A pictogram featuring Sen. Bernie
Sanders floated up to the top of my Facebook feed more than once in
the three or four days leading up to the election yesterday. It shows
Sanders earnestly telling a characteristically fascinated Bill
Moyers: "Election Day should be a holiday so that everyone has
the opportunity to vote."
Well, yes and no. Then again, mostly
no. Actually, completely no.
Sure, it's a great idea, in a sort of
Superman-Fights-Mighty-Mouse otherworldly way. Congress has the power
to declare a day a federal holiday (giving a paid day off for all
federal employees). But apart from the fact that this is an expensive
thing to do because there are so many federal workers (and you know how Republicans feel about government spending), it gives a
paid day off to federal workers (and, by extension and tradition, the rest of us), who the majority in both houses of Congress as currently
constituted believe deserve no such thing. (Or have you forgotten how long Arizona
held out against recognizing Martin Luther King Day?)
And of course, anything that might make it
easier for just any old citizen to actually vote
would go directly against the Republican party's avowed electoral strategy.
And
there's another problem: Here in Oregon, we have had state-wide
voting by mail since 1998. Nothing could be easier: A few weeks
before the election, Oregon voters get Voter Guides on all the
candidates and measures on the ballot.

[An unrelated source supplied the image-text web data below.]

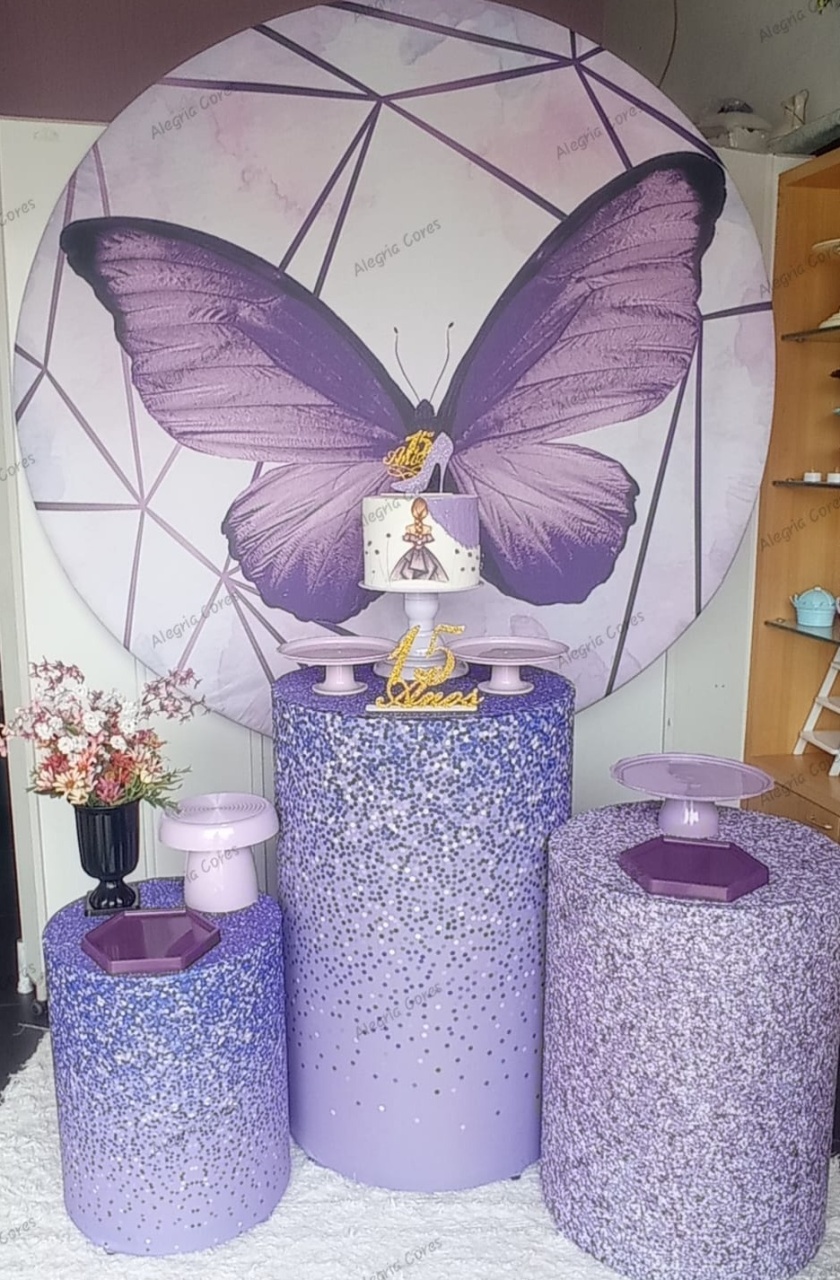 Kit Prata - Borboleta Lilás - PEGUE E MONTE - ALEGRIA CORES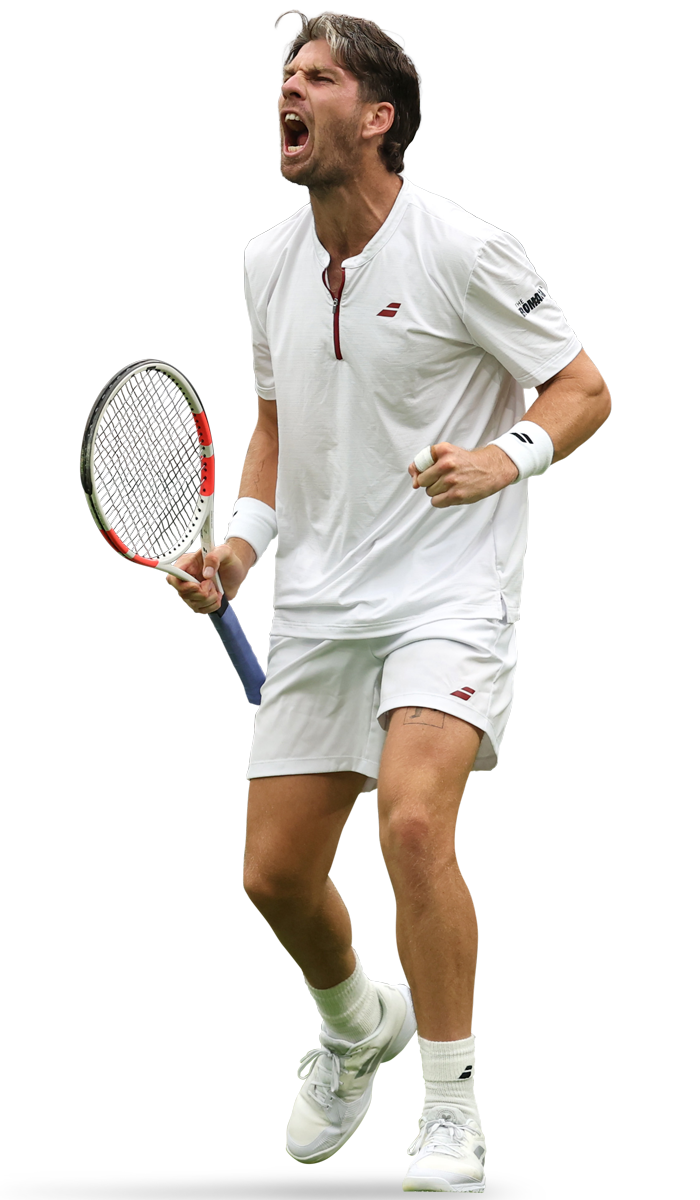 Full body cut out image of British tennis player Cam Norrie
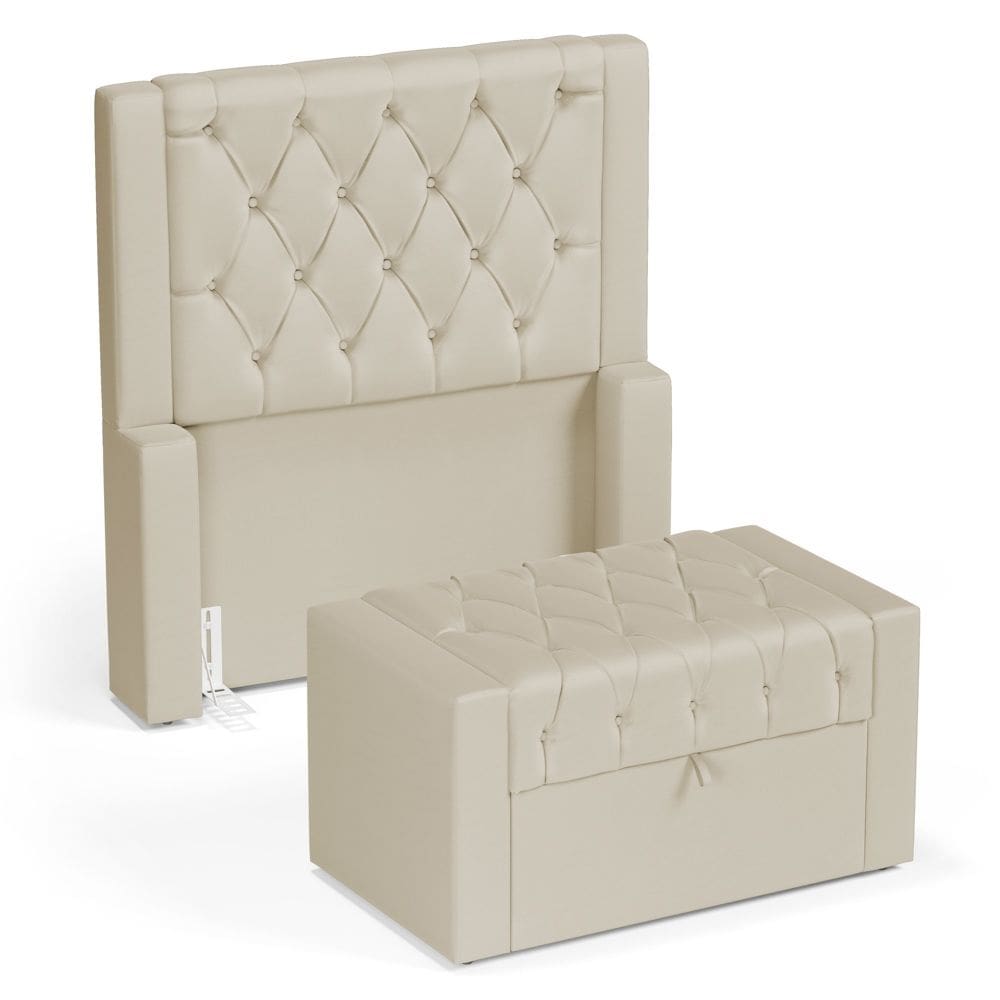 Cabeceira e Calçadeira Báu Solteiro Atena 90cm Capitonê Suede Bege Claro - Desk Design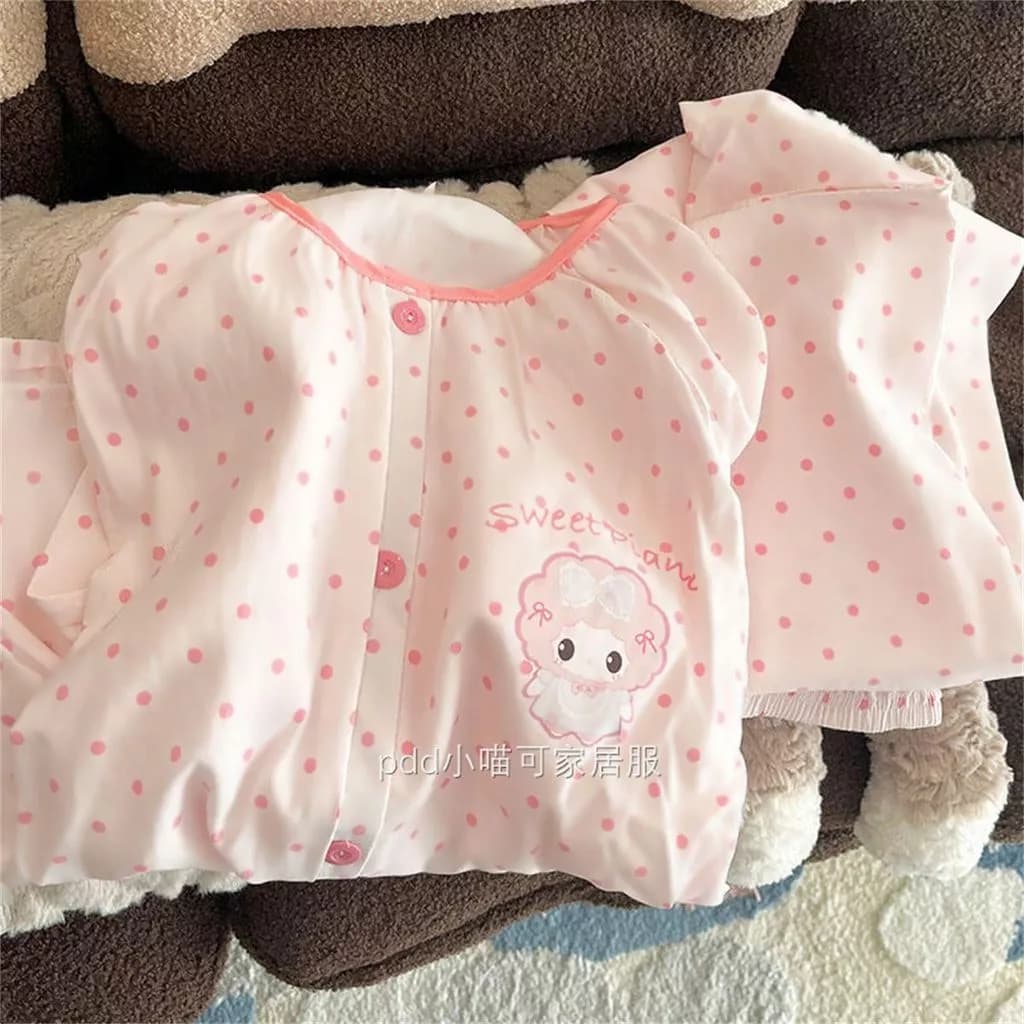 Bộ đồ ngủ My Melody dễ thương, họa tiết chấm bi hoạt hình dành cho nữ, mùa xuân thu, cổ tròn, tay dài - Hàng Order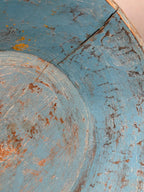 Large Early American Blue-Painted Dough Bowl Late 18th–early 19th century Found in Owensville, Missouri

Then they get their ballot.
They have until 8pm election day to return them, by mail or drop-off.
Both Oregon Republicans and Democrats say they favor the system.
(And, despite the warnings of convicted racketeer and
initiative-system-gamer Bill Sizemore, voting by mail hasn't led to
noticeable increase vote fraud, which was hovering around zero to
begin with.)
So:
How
did it go as of the night before Election Day?
Out of the 2.2 million registered voters in Oregon, 48.80 percent, or 1,068,889, have returned ballots so far.
During the last midterm general election, in November 2010, turnout statewide reached 70.9 percent.
So,
while Oregonians didn't get a paid day off to vote, they had about
three weeks to mark the forms, seal and sign the envelope, and either
mail it or drop it off at a county collection site, all at their
convenience, and yet a substantially smaller number of them did so
this time around, compared to the last midterm election.
I
don't think convenience is really the issue here.
Nor do
I think that, despite several decades of being told by right-wingers
that government can't fix our problems (at best) or (at worst) that
government is the
problem, in the immortal words of Saint Reagan the Dotard, most
voters really believe that's true. Some do, and perhaps they'll get
what they expect, perhaps at about the point when they retire and
find that Wall Street has gambled away their retirement just like
they said they would. But most, I think, don't. Even though they've
been handed every opportunity to be cynical about the process and every excuse to let the franchise slide.
Look at the progressive tilt to the pattern of measures that passed or
failed around the country yesterday: Recreational marijuana (and with it, the
undermining of the war on [some groups of people who use some kinds
of] drugs) initiatives passed, minimum wage initiatives passed,
personhood initiatives failed, top-two primaries failed. Those passed (or failed) because people saw a chance to make the political process work for them, and they took it. Then look at the collection of
anti-science, anti-women/anti-black or brown/anti-voting
rights/anti-regulation/anti-immigrant/anti-regulation/anti-Obama
whackjobs that got elected to Congress.
The
reason for the discrepancy? We live in a post-Citizens
United America, where obscene
amounts of untraceable money supported (and covered for) candidates that the Kock
Brothers and their ilk favored, while comparatively little dark money
was spent at the statewide initiative level. Monsanto and their corporate kin could be counted on to carry their own weight there.
Election Day as a national holiday, even if it could be made to happen, will accomplish little or nothing. Getting unlimited and unaccountable corporate money out of our elections will be as nearly impossible, but of the two, it's the one worth going to the mattresses over. The other one's just window dressing.